OK, that aside, the tensors I get, however, have a different shape than I expected:

>>> output[0].shape
torch.Size([1,11,768])

This is a lot of layers. Which is the correct layer to use for sentence embeddings? [0]? [-1]? Averaging several? I have the goal of being able to do cosine similarity with these, so I need a proper 1xN vector rather than an NxK tensor.

I see that the popular bert-as-a-service project appears to use [0]

Is this correct? Is there documentation for what each of the layers are?

2
Regarding TypeError: 'BertTokenizer' object is not callable you probably have installed an older version of transformers.cronoik

2 Answers

7
votes

I don't think there is single authoritative documentation saying what to use and when. You need to experiment and measure what is best for your task. Recent observations about BERT are nicely summarized in this paper: https://arxiv.org/pdf/2002.12327.pdf.

I think the rule of thumb is:

  • Use the last layer if you are going to fine-tune the model for your specific task. And finetune whenever you can, several hundred or even dozens of training examples are enough.

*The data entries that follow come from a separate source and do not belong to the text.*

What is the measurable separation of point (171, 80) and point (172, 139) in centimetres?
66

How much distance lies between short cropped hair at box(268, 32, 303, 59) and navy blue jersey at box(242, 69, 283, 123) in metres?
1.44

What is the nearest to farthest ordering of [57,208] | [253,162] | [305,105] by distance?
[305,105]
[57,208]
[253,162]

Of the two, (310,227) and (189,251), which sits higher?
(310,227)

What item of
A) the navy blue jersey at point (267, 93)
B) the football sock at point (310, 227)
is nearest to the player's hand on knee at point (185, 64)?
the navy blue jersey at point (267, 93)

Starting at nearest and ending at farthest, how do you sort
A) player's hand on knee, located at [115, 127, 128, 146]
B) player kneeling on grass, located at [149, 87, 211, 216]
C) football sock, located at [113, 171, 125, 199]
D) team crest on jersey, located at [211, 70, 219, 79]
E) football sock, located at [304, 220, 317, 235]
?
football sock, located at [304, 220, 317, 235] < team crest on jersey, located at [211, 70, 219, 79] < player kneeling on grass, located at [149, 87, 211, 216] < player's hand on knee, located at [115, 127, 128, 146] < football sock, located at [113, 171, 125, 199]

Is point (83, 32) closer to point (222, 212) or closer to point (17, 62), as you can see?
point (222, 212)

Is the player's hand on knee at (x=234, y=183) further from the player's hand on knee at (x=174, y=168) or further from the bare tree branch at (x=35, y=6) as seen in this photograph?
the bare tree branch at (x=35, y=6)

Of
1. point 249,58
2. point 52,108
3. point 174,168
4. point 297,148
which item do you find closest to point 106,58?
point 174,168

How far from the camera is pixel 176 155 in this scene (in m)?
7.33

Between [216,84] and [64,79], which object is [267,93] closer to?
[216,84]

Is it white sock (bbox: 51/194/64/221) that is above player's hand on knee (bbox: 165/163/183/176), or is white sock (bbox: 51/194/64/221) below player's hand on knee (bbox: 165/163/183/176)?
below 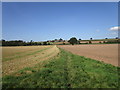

  • Use some of the middle layers (7-th or 8-th) if you cannot finetune the model. The intuition behind that is that the layers first develop a more and more abstract and general representation of the input. At some point, the representation starts to be more target to the pre-training task.

Bert-as-services uses the last layer by default (but it is configurable). Here, it would be [:, -1]. However, it always returns a list of vectors for all input tokens. The vector corresponding to the first special (so-called [CLS]) token is considered to be the sentence embedding. This where the [0] comes from in the snipper you refer to.

7
votes

While the existing answer of Jindrich is generally correct, it does not address the question entirely. The OP asked which layer he should use to calculate the cosine similarity between sentence embeddings and the short answer to this question is none. A metric like cosine similarity requires that the dimensions of the vector contribute equally and meaningfully, but this is not the case for BERT weights released by the original authors. Jacob Devlin (one of the authors of the BERT paper) wrote:

I'm not sure what these vectors are, since BERT does not generate meaningful sentence vectors. It seems that this is doing average pooling over the word tokens to get a sentence vector, but we never suggested that this will generate meaningful sentence representations. And even if they are decent representations when fed into a DNN trained for a downstream task, it doesn't mean that they will be meaningful in terms of cosine distance. (Since cosine distance is a linear space where all dimensions are weighted equally).

However, that does not mean you can not use BERT for such a task. It just means that you can not use the pre-trained weights out-of-the-box. You can either train a classifier on top of BERT which learns which sentences are similar (using the [CLS] token) or you can use sentence-transformers which can be used in an unsupervised scenario because they were trained to produce meaningful sentence representations.